Avoid long-running transactions

Running a migration in a transaction means that changes made within a transaction are not visible until the end of a transaction. That is exactly what we need when we apply a migration, but in practise it does not work well.

Using a transaction causes PostgreSQL to maintain two versions of a database for the duration of a transaction. One version with your changes and one without. PostgreSQL transactions are well-suited for such task but they have their limits too.

PostgreSQL also has to hold all the locks ackquired during a migration. For example, updating a row locks the row so your changes are not overwritten by another transaction. PostgreSQL releases the lock only in the end of a transaction. And if a concurrent transaction actually changes the same row migrations fails.

Using transactions only works well if your migration is small and fast (less than 5-10 seconds). Even for a medium database using transactions either makes the migration slower (in some cases 10x slower) or causes the migration to fail.

Split long-running queries into smaller batches

PostgreSQL runs every query in a transaction. So not using BEGIN and COMMIT does not imply that you are not using transactions. Meaning that you need to split long running queries into smaller ones and avoid large transactions for the reasons we discussed above.

For example, you need to update 1 million rows. Don't do it with a single UPDATE query. Instead split the job into 10 batches each containing 100k rows. And execute the same UPDATE query separately on each batch. Now you have 10 queries instead of 1, but you can be sure that migration will succeed.

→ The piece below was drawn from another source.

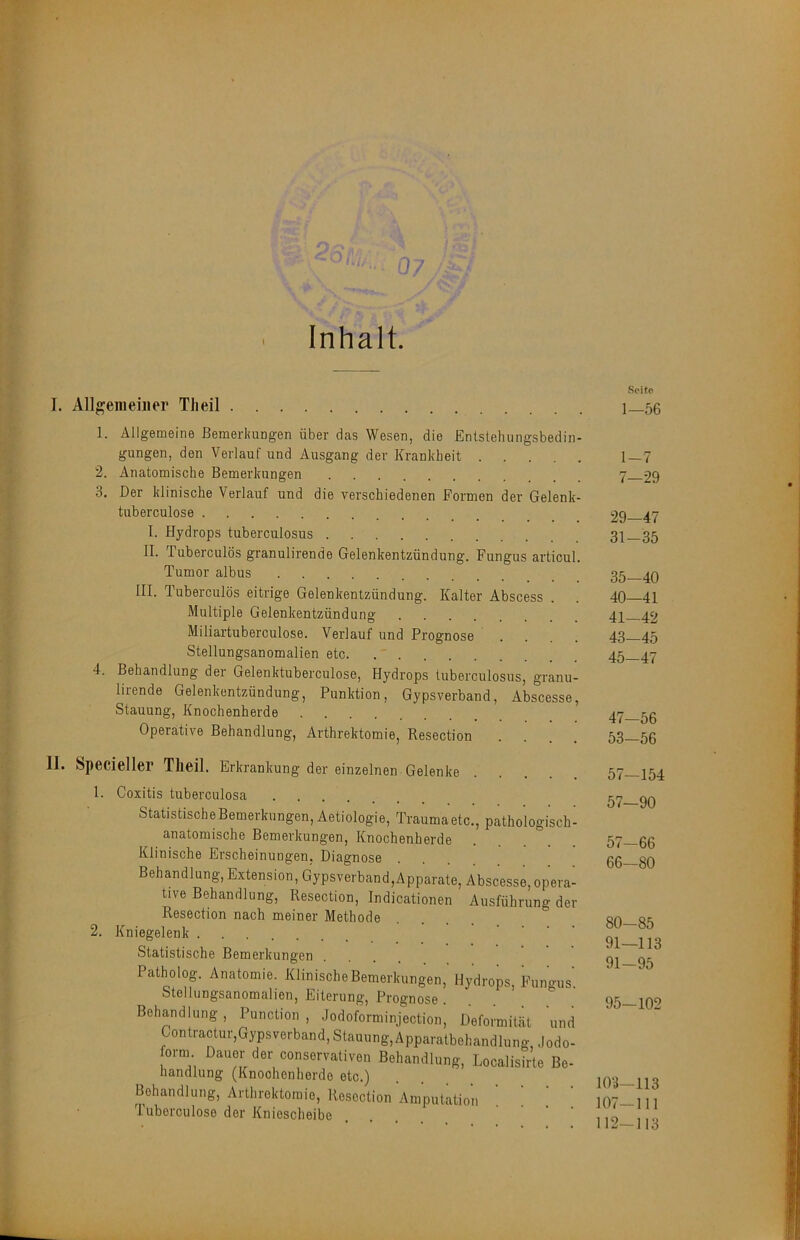 Inhalt. J. All^^eiiieiner TJieil . Seite 1—56 1. Allgemeine Bemerliungen über das Wesen, die Entstelningsbedin- gungen, den Verlauf und Ausgang der Krankheit 1—7 2. Anatomische Bemerkungen 7 29 3. Der klinische Verlauf und die verschiedenen Formen der Gelenk- tuberculose 29 47 I. Hydrops tuberculosus 31—35 II. Tuberculös granulirende Gelenkentzündung. Fungus articul. Tumor albus 35—40 III. Tuberculös eitrige Gelenkentzündung. Kalter Abscess . . 40 41 Multiple Gelenkentzündung 4P 42 Miliartuberculose. Verlauf und Prognose .... 43—45 Stellungsanomalien etc. 45—47 4. Behandlung der Gelenktuberculose, Hydrops tuberculosus, granu- lirende Gelenkentzündung, Punktion, Gypsverband, Abscesse, Stauung, Knochenherde 56 Operative Behandlung, Arthrektomie, Resection .... 53 56 II. Specieller Tlieil. Erkrankung der einzelnen Gelenke pathologisch 1. Coxitis tuberculosa ....... Statistische Bemerkungen, Aetiologie, Trauma etc. anatomische Bemerkungen, Knochenherde Klinische Erscheinungen, Diagnose Behandlung, Extension, Gypsverband,Apparate, Abscesse, opera- tive Behandlung, Resection, Indicationen Ausführung der Resection nach meiner Methode 2. Kniegelenk Statistische Bemerkungen Patholog. Anatomie. Klinische Bemerkungen, Hydrops, Fungus Stellungsanomalien, Eiterung, Prognose ... Behandlung , Punction , Jodoforminjection, Deformität und Contractur,Gypsverband,Stauung,Apparatbehandlung, .lodo- orni Dauer der conservativen Behandlung, Localisirte Be- handlung (Knoohenherde etc.) Behandlung, Arthrektomie, Resection Amputation Tuborculose der Kniescheibe ■ ■ • . 57-154 57-90 57-66 66—80 80-85 91—113 91-95 95-102 103—113 107-111 112-113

Update rows in some consistent order

When possible update rows in some consistent order. This helps avoiding deadlocks when 2 conurrent transactions try to update the same rows but in a different order.

For example, deadlock happens when transaction 1 locks row #1 and transaction 2 locks row #2. Now transaction 1 waits for a lock on row #2 and transaction 2 waits for a lock on row #1. They lock each other and PostgreSQL has to kill one of them.

# transaction 1
UPDATE test WHERE id IN (1, 2)

# transaction 2
UPDATE test WHERE id IN (2, 1)

The same rule applies when you are using INSERT ON CONFLICT DO UPDATE. In this case you may need to sort rows before inserting them.

Don't add column with NOT NULL

ADD column NOT NULL query fails on tables that already have some data, because existing rows does not have the column which means NULL.

> ALTER TABLE test ADD COLUMN foo text NOT NULL;

ERROR:  column "foo" of relation "test" contains null values

Your alternatives are:

  • Drop NOT NULL and add some validation against NULL elsewhere.
  • Add default value foo text DEFAULT '' that is returned instead of NULL.
  • Split the query into multiple migrations:
-- migration 1
ALTER TABLE test ADD COLUMN foo text;

-- migration 2
UPDATE test SET foo = '';

-- migration 3
ALTER TABLE test ALTER COLUMN foo SET NOT NULL;

To avoid this problem altogether I recommend to always set NOT NULL constraint with a separate query.